Daha önce de Mutlu Akü’nün faaliyetlerine izin verilmemesi gerektiğini belirten Murat Dağı Yok Olmasın Platformu Sözcüsü Funda Öz Akcura, şirketin 2013’e dek yıllık 14,400 ton atık akü geri dönüşümü yaptığını ve bu tarihten sonra atık akü işleme kapasitesini yıllık 51,725 tona, kurşun külte üretimini de yıllık 30 bin tona çıkardığını kaydetti. Akcura, bugün ise akü işleme kapasitesinin 198 bin tona ve kurşun külçe üretim kapasitesinin ise 127 bin tona çıkarılacağını belirterek, “Eğer projeleri onaylanırsa, tesiste işlenen hurda akü miktarı ve kurşun geri kazanımı yaklaşık dört katına çıkarılacak ve Türkiye’nin en büyük tesisi olacak.

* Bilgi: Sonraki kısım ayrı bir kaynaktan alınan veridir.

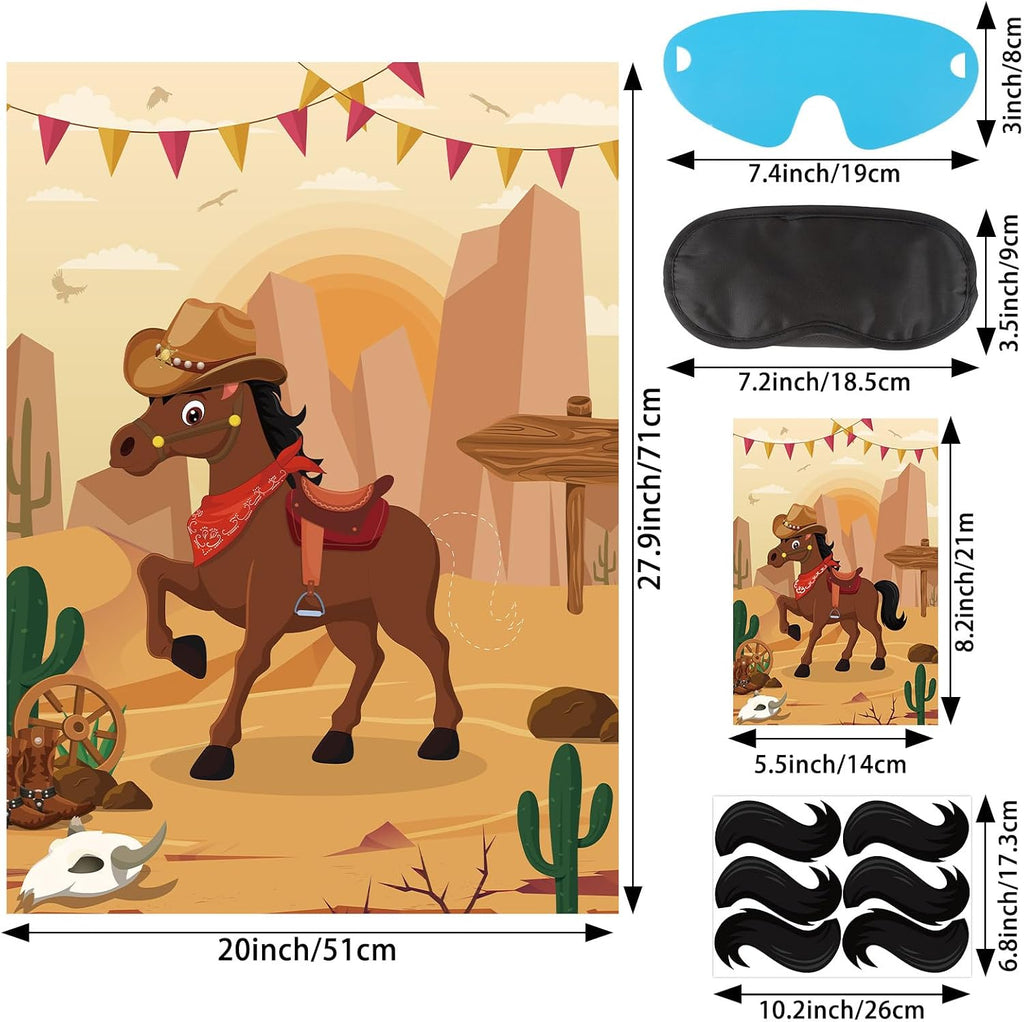 Hxezoc Pin The Tail On The Horse Game with 30 Pcs Tails Large Western Cowboy Horse Games Poster for Kids Cowboy Party Favor Western Birthday Party Carnival Party Supplies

Yani doğaya verecekleri zarar da büyümeyle oranlı olarak artacak” dedi.
YENİ FIRINLAR VE EK DÖNÜŞÜM TESİSLERİ KURULACAK
Proje dosyasına göre; ek geri dönüşüm hatları ve yeni fırınlar kurulacak, akü parçalama/ayrıştırma ve kurşun ergitme hatlarının kapasitesi artırılacağını kaydeden Akcura, işletmede atık akümülatörler, birincil ve ikincil üretim cürufları ve hurdaları, pota üstü ve filtre tozları, oksit çamurları gibi kurşun içerikli atıkların hammadde olarak kullanıldığını kaydetti. Ülkenin her köşesinden toplanan kurşun esaslı atık aküler ve Mutlu Akü’nün İstanbul Tuzla’daki fabrikasında hatalı dökülmüş plak ve kurşun içerikli atıkların da Fırdan’daki tesise getirildiğini belirten Akcura, “Normalde Çevre İzin ve Lisans Belgesi 29 Temmuz 2025 tarihine kadar geçerliydi. Ama Çevre, Şehircilik ve İklim Değişikliği Bakanlığı Çevresel Etki Değerlendirmesi, İzin ve Denetim Genel Müdürlüğünden, 16.12.2025 tarihine kadar geçerli Geçici Faaliyet Belgesi almışlar” ifadesini kullandı.
KÜLÇE KURŞUN VE AKÜ GERİ DÖNÜŞÜMÜNÜN ÇEVREYE ZARARLAR
Söz konusu durumun hava, toprak ve su kirliliğine yol açtığını belirten Akcura, şöyle söyledi: “2013’te Gedizliler, sebze ve meyve bahçelerinde ve ekili arazilerde veriminin düştüğünü söyleyerek yıllık üretimin 30 bin tona çıkmasına karşı çıkmışlar; ama maalesef engelleyememişler. Şöyle bir örnek var: 1 adet küçük kalem pil, 4 metrekare toprağı, tarım yapılamayacak şekilde kirletmeye yetiyor. Kurşun, sinir, kan ve böbrek sistemlerini etkileyen kümülatif bir zehir. Yani vücutta bir yeri bozduğunda orda durmuyor, diğer organlara da zarar veriyor. Ve vücut kurşunu hemen atamıyor. Vücuda giren kurşunun yarılanma ömrü 20 yılmış, yani 20 yılda, vücuda giren kurşunun sadece yarısını atabiliyormuş vücut.”